But your comparison involved apples and oranges. If I understand it correctly, you compared a gen 9.x iGPU with 24 EUs against a Gen 12 (Xe) iGPU with 96 EUs and concluded that because the latter was 4x as fast that it scaled linearly. Except the difference isn't only in the number of EUs.
Who said anything about CPU? I was talking about the removal of register scoreboarding + other changes made to the shader ISA.
Sounds plausible, but you should probably read up on the changes made to Gen11, before going too far down a speculative rabbit hole.
How do you know they're not power-throttling? Doubling the shader count doesn't mean they'll continue to run at the same clockspeed as the baseline, especially under high-load.

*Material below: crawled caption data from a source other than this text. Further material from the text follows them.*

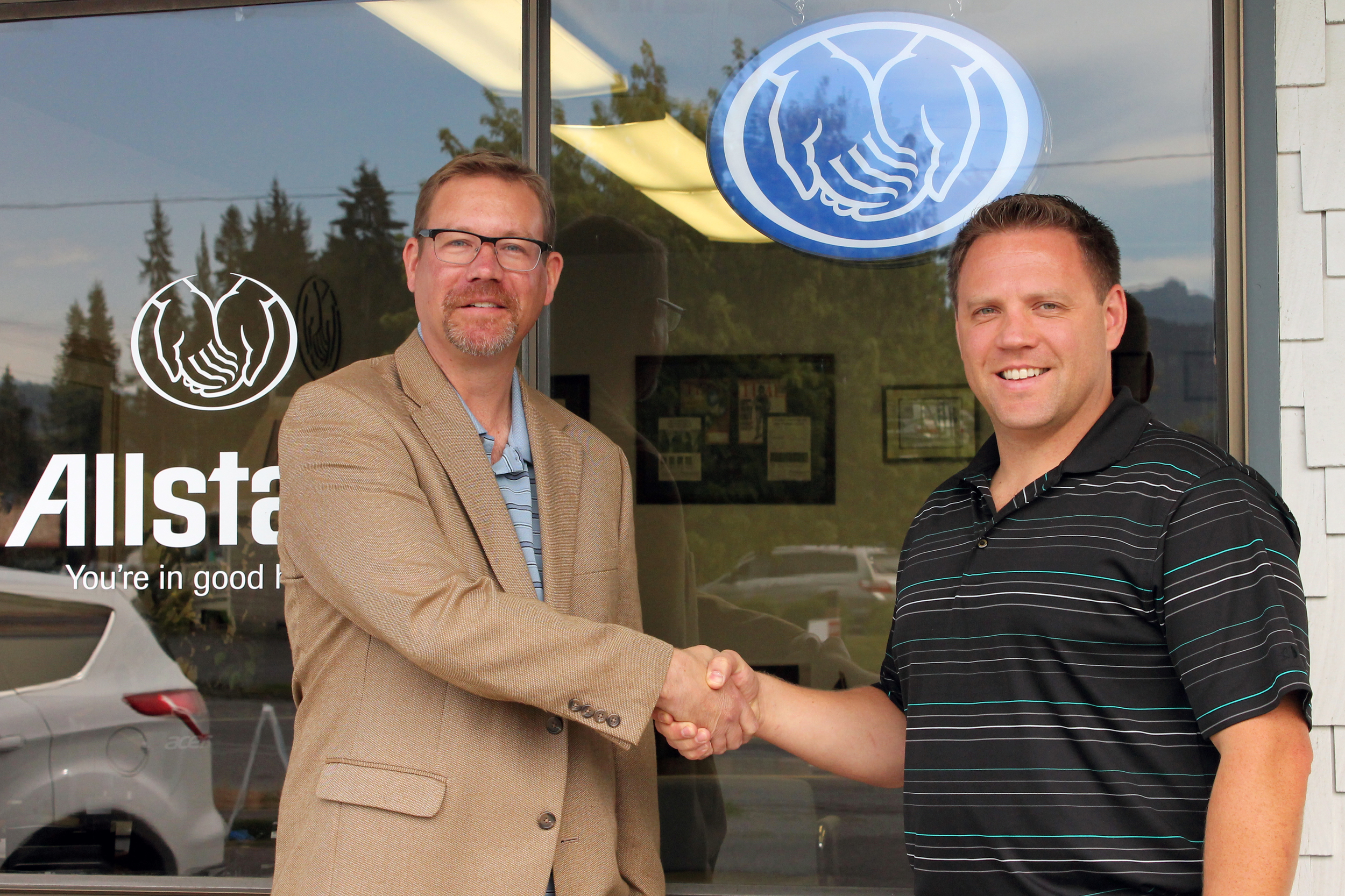 Jorgen Goller, left, presenting Matt Elwood, right, with the Allstate Honor Ring for his outstanding efforts in 2014. 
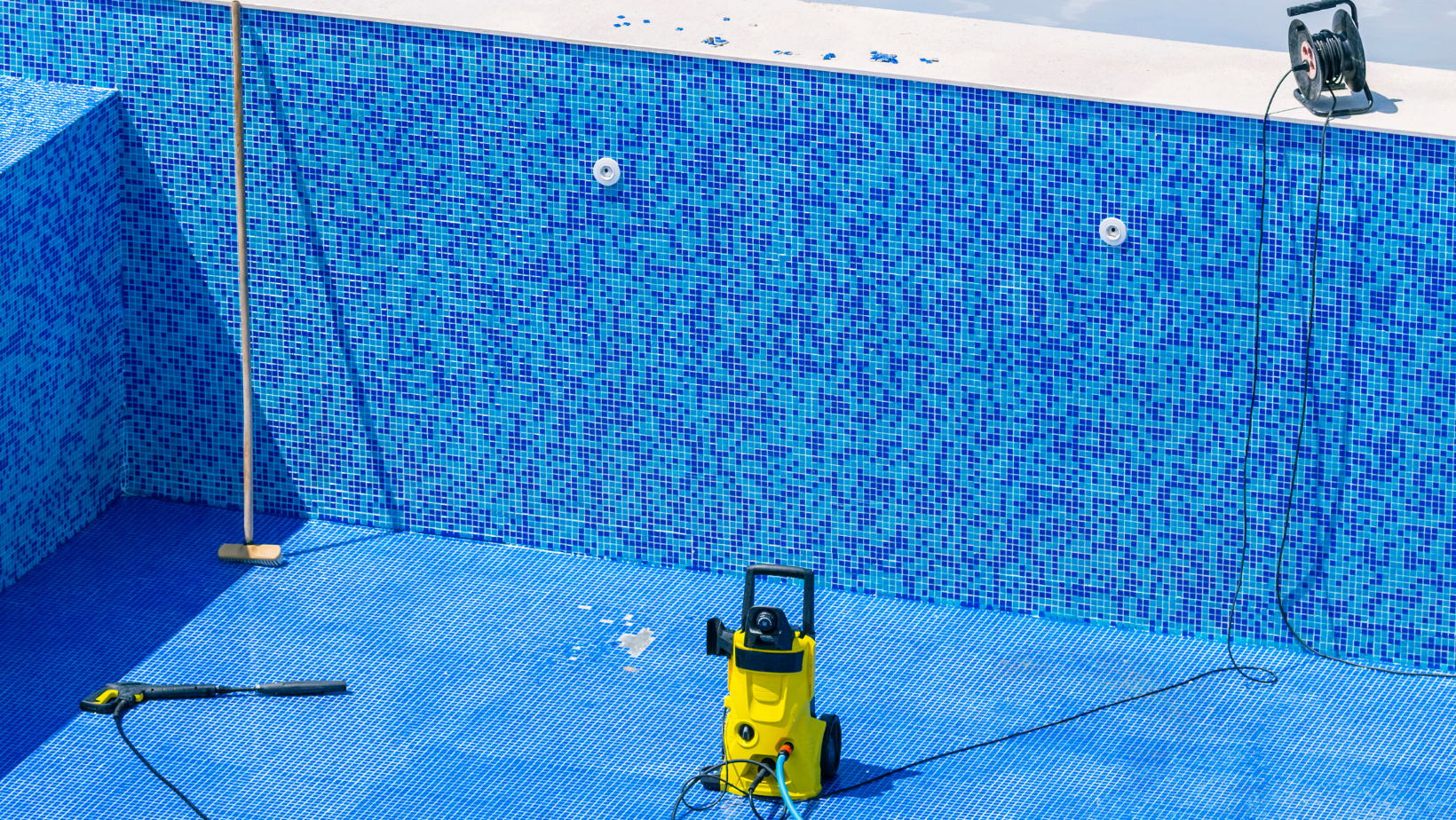 A yellow vacuum cleaner is sitting in the middle of an empty swimming pool.
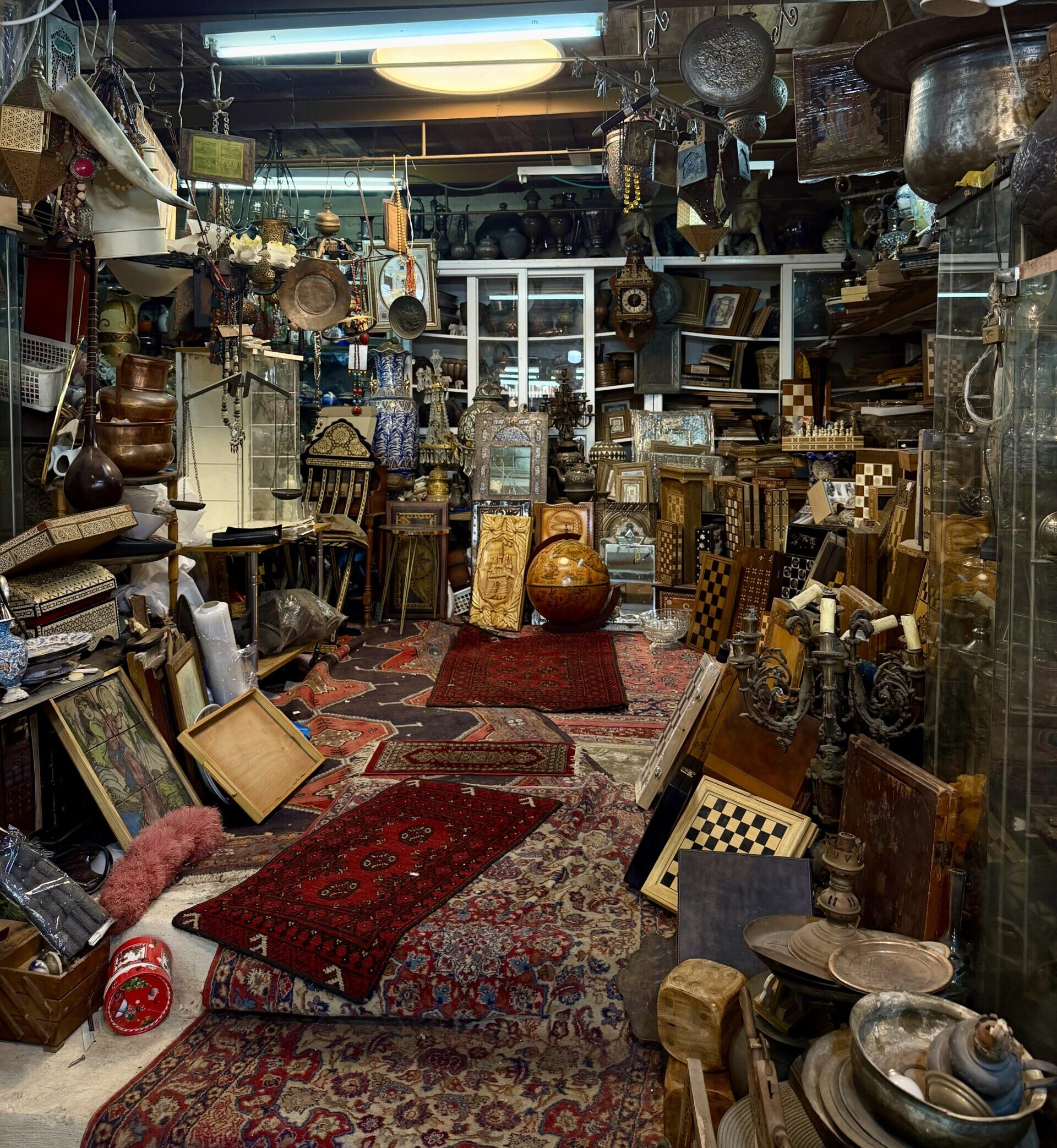 Interior of a shop in the Jaffa Flea Market filled with Persian rugs, antiques, artwork, and decorative objects.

Hint: look for a tool called
intel_gpu_top
To make things clearer (less anecdotical stuff):
I compared three NUCs (NUC8, NUC10 and NUC11) I operate in a RHV/oVirt cluster today, before putting them into "production", using the very same Windows 10 image, updated with the latest drivers for each at the time.
They were purchased within six month of each other each with the top i7 CPU and 64GB of DDR4-3200 memory (Kingston modules, which also supports the 2400 and 2933 timings of NUC8/10).
I got the NUC8 (i7-
8559U/
48EU) first in Summer 2019, I think, because it had fallen below €400 even with the Iris 655 iGPU, then got the NUC10 (i7-
10700U/
24EU) perhaps a month later at pretty much the same price (but with 2 extra cores) and finally I needed a 3rd for a proper HCI cluster and got lucky six months later in early 2020 with a NUC11 (i7-
1165G7/
96EU), because those remained almost impossible to buy for a long time afterwards.
Both the CPU and the GPU portion of the NUC8 and NUC10 are largely unchanged in terms of
architecture and fab process (14nm), they mostly trade silicon die area between the GPU (48 vs 24EU) and the CPU (4 vs 6 cores) parts of the chip, making them as comparable as it gets.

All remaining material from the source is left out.